HELEN JARVIS, Extraordinary Chambers in the Courts of Cambodia: Not a little
weak. Very weak.
And I think it was in actual acknowledgement of that fact that
the government asked for international
assistance.
KIRA KAY: Helen Jarvis is the chief spokesperson for the court. She says an
elaborate system has
been developed to ensure this hybrid tribunal keeps up to
international standards.
HELEN JARVIS: There's a complex formula of voting, which means that any
decision has to involve
both international and national. It's called a super-majority.
KIRA KAY: The court cannot afford further delays. It is barely funded for a
short three-year mandate,
in which it is already likely there will be time for no more
than a small, some would say symbolic,
handful of prosecutions.
HELEN JARVIS: It's expected that it will be few in number.

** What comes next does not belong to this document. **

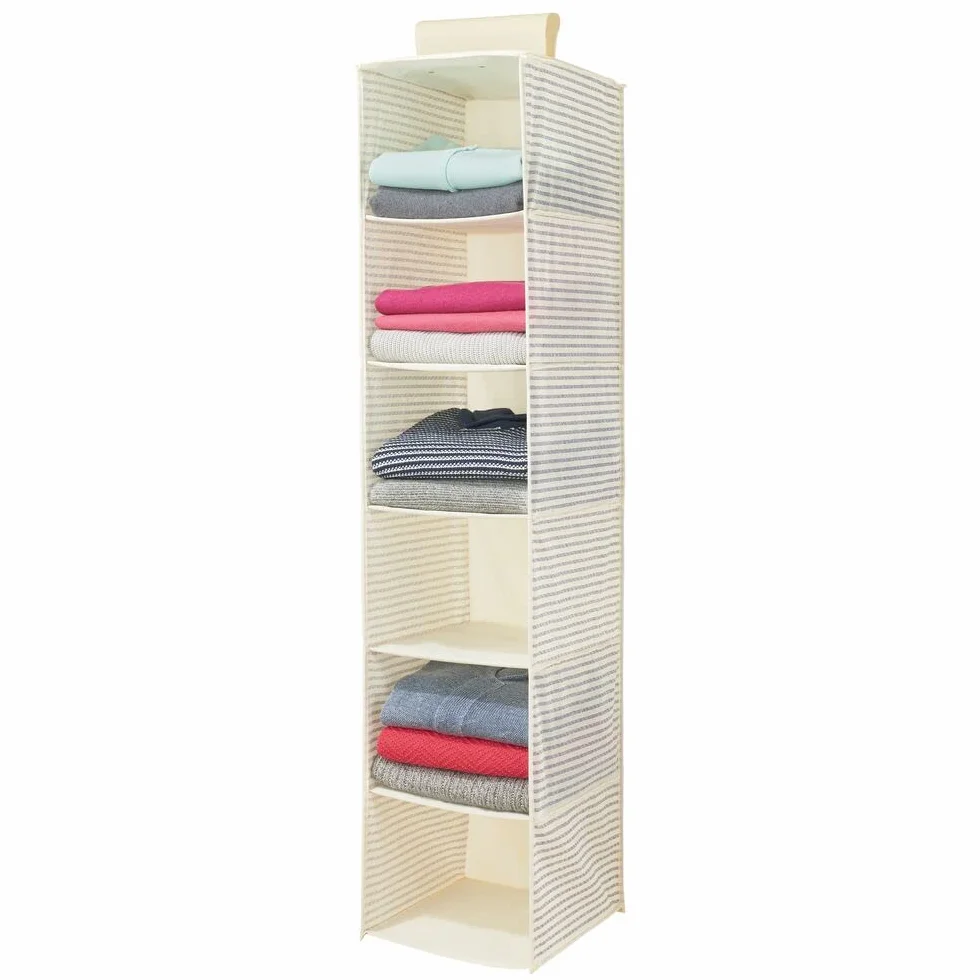 mDesign Organizer wisz?cy – Wisz?ca pó?ka do szafy wykonana z materia?u – Organizer na buty i akcesoria z 6 pó?kami – naturalny/kobaltowy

Neither the U.N.
side nor the Cambodian
side envisaged a trawling through the country, finding
everybody who had committed crimes during that
period. The concern is more to establish a judicial accounting of those at the
top.
Possible defendants
KIRA KAY: Although it may be a year before any indictments are announced, there are around six likely
defendants well-known to the Cambodian public.

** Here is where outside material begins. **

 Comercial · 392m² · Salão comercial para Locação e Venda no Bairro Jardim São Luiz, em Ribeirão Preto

Pol Pot himself died in 1998, never having seen the inside of a courtroom. But
several of his henchmen,
the so-called senior leaders of the Khmer Rouge, are still
living with utter impunity within
Nuon Chea, once second in command, lives modestly but comfortably in a small
town near the Thai border.
Ieng Sary, the former foreign minister of the regime, now lives in a large villa in a wealthy neighborhood of
YOUK CHHANG: He hang out on the street, you know, drinking fruit shakes on the
street. He bought land.
You know, he had his son made deputy governor. And he have all this, you know, to secure his life, that after
all this happen, you know, he want to have a good life. You know,
he destroyed other family, but preserve his own.

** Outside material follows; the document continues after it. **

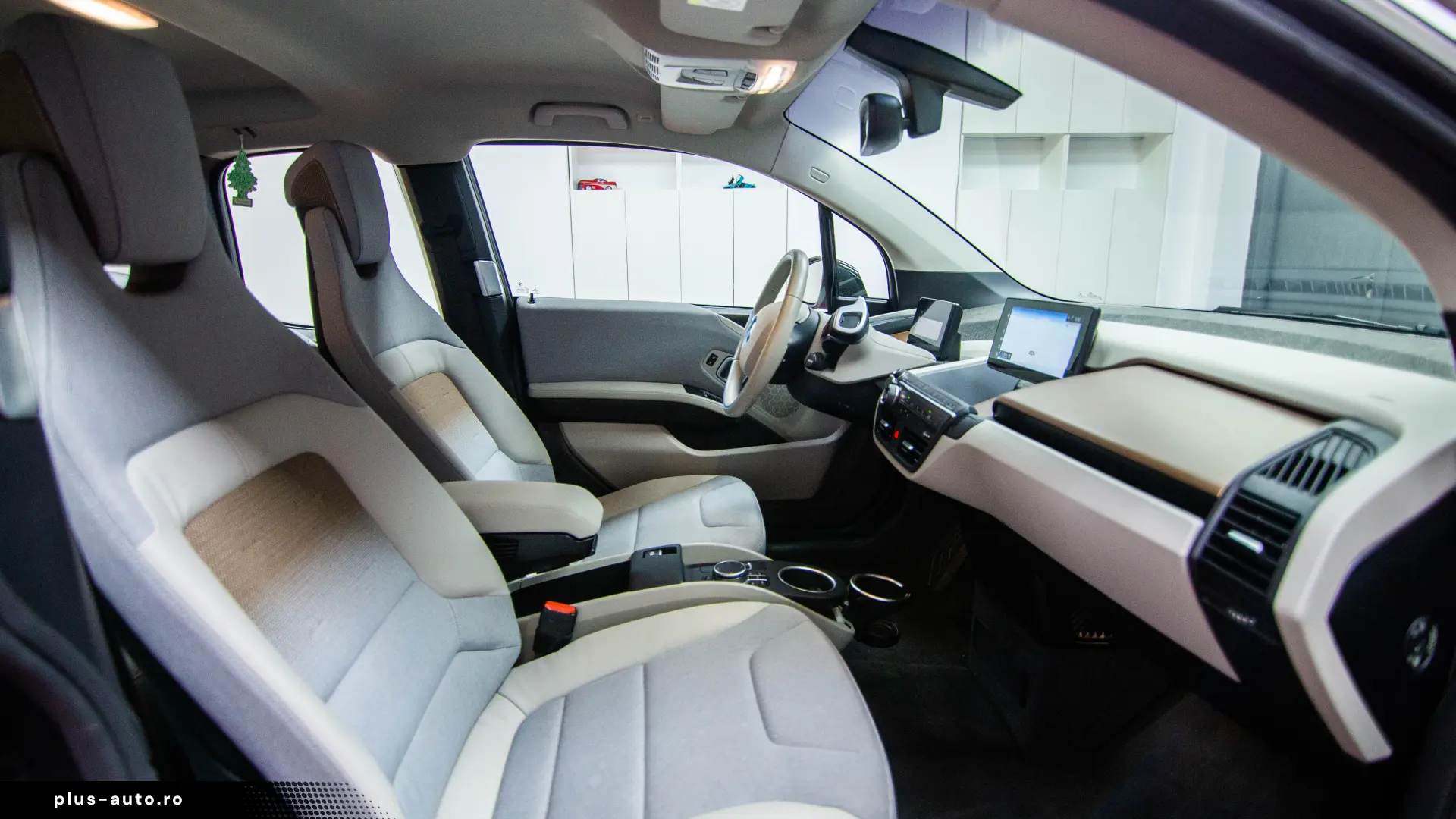 BMW i3 120 Ah – Bateria mare de 42.2 kWh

KIRA KAY: So far, only two Khmer Rouge leaders have ever been arrested. Comrade
Duch, who ran the
torture prison where painter Vann Nath was kept, was
discovered in 1999, living under a new identity as
an aid worker in a refugee camp.
The only other senior leader taken into custody was military commander Ta Mok,
known as "the Butcher."
Just weeks ago, the 80-year-old fell into a coma and died, denying the tribunal what many expected would be
its first case.
Indeed, it is this race against time that survivors like Vann Nath worry may be
the biggest challenge to the
success of the court. He himself is suffering from kidney disease, and fears that justice so delayed may not end
up being justice at all.
VANN NATH (through translator): I have a little hope that we will get a good
result from the court, but we
have no other choice. We have waited, and so we will keep waiting. But I don't know if I will live long enough to
see the justice.
KIRA KAY: Despite these deep concerns and significant challenges, Cambodians
themselves do seem to largely
support the trials, perhaps knowing that, as time passes, there are increasingly few other options left for justice.